O misterioso código no vestido de seda servia para transmitir observações meteorológicas.
A compra de um vestido de seda da Era Vitoriana por uma curadora de arqueologia em 2013 levou à descoberta de um código secreto escondido na roupa — e que levou toda a década para ser decifrado. Sara Rivers-Cofield adquiriu o artigo de vestuário no estado americano do Maine, descobrindo um bolso escondido na parte interna, onde havia uma bola de papéis amassados.
Nos papéis, havia duas dúzias de linhas de texto, nenhuma delas a fazer sentido algum. Ao achatar o material, foram reveladas sentenças como “Grub wrongful hug duck fagan each” e “Calgarry Cuba Unguard confute duck fagan egypt”. Circulando pela internet desde então, as palavras passaram pela mão de decifradores de código de todo o mundo, que não fizeram progressos em traduzir as suas mensagens.
Passando a ser conhecido como “Criptograma do Vestido de Seda”, o mistério chegou a figurar entre os 50 principais códigos sem solução do mundo para alguns criptógrafos, até que, finalmente, foi decodificado.
O que dizia o Criptograma do Vestido de Seda?
O analista de informática Wayne Chan, da Universidade de Manitoba, no Canadá, foi quem descodificou o texto e resolveu o mistério, descobrindo não apenas o significado das palavras cifradas, mas também indicando uma data bastante provável para sua confecção: 27 de maio de 1888.
Entre os mistérios em torno do criptograma, estava o seu uso — seria uma comunicação secreta entre espiões? Talvez algo ilícito, como contrabando ou apostas? No final das contas, era algo muito mais mundano.
Chan publicou o achado numa revista científica voltada para mensagens secretas, Cryptologia, revelando tratar-se de… observações meteorológicas! As mensagens eram um tipo de código telegráfico usado pelo Exército dos Estados Unidos e o Escritório do Clima do país no século XIX para partilhar previsões do tempo para cidades da forma mais barata possível. Na época, mandar um telegrama era caro, com cada palavra a custar vários dólares, em um tempo em que a cotação da moeda a fazia valer muito mais.
Alguns códigos telegráficos eram usados comercialmente e em larga escala, sem muita cerimónia ou segredo, e todos sabiam que era uma tática para economizar dinheiro. No caso do Criptograma do Vestido de Seda, o código servia apenas para um grupo restrito de oficiais do governo encarregados de criar um mapa meteorológico nacional.

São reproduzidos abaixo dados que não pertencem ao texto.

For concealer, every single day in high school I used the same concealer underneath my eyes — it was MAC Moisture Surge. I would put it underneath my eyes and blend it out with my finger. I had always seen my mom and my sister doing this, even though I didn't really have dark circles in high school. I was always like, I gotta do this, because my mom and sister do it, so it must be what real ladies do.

Segundo Chan, embora centenas de telegramas climáticos fossem enviados com ele todos os dias, as mensagens eram inúteis após a tradução, então poucas devem ter sido arquivadas.
Como o código funcionava
Os papéis criptografados do vestido estão entre os poucos exemplos já encontrados, e cobrem a meteorologia de regiões dos Estados Unidos e Canadá. O significado só pôde ser desvendado por causa de um livro de códigos do Exército Americano de 1877 recuperado e disponibilizado na internet.

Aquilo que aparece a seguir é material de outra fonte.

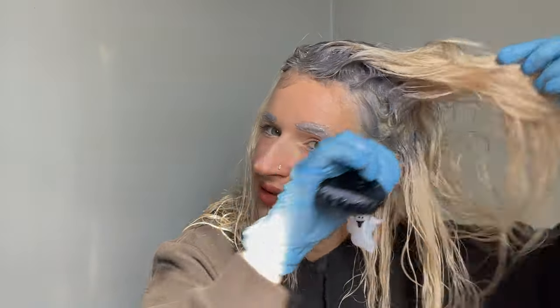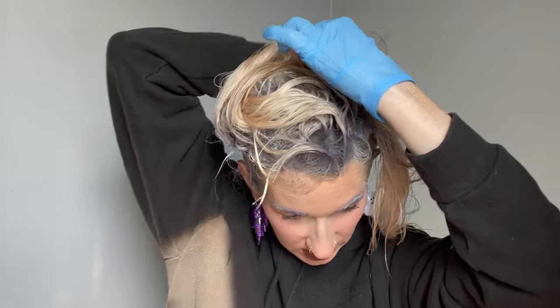I'm curious to see if the toner still works on my hair considering it's drenched in argan oil - but I'm going to keep doing that so it gives the hair hydration. I'm going to need to mix up more toner because I don't have enough. Always buy two boxes just in case, especially if you have really thick hair. I'll come back once my roots are darker and then apply the second round all over my head.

O truque é o seguinte: considere a frase “Memphis Target Kernel One Nile Bigot Tide”. A primeira palavra, Memphis, refere-se à estação meteorológica da cidade do mesmo nome. A segunda, Target, descreve a pressão e temperatura.

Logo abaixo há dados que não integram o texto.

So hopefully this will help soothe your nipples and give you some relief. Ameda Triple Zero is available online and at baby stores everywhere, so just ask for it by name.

Uma única palavra descreve ambas as características ao ser quebrada em duas partes — as que começam com vogais, por exemplo, indicam valores de pressão e temperatura abaixo de 0,1, enquanto as que começam com consoantes indicam um aumento desses valores de acordo com sua posição no alfabeto.
Se a 2ª palavra do código for Dundee, por exemplo, “Du” indica um barómetro marcando 0,2 e “de” indica temperatura de 24 ºC. A 3ª palavra, Kernel, indica a hora do dia e humidade, com One e Nile a indicar vento e precipitação. Bigot refere-se à velocidade do vento e máximo de temperatura prevista, e Tide informa a cheia do rio.
Além de usar o livro de códigos para decifrar as frases, Chang também descobriu que a formatação das estações canadianas era diferente da americana, e, em seguida, procurou dados meteorológicos do país para descobrir qual dia estaria a ser descrito; Era, muito provavelmente, 27 de maio de 1888.
As previsões do tempo locais do dia provavelmente convergiram para uma sala telegráfica no Departamento de Guerra em Washington, capital dos EUA. Embora não houvesse mulheres a trabalhar como operadoras no local, havia atendentes, copistas, datilógrafas e encadernadoras.
A equipa escriturária deve ter recebido os códigos, com a dona do vestido a figurar entre elas. A razão para os códigos estarem num bolso secreto “quase inacessível”, como a compradora descreve, é desconhecida. O nome costurado ao item é Bennet, única dica até o momento.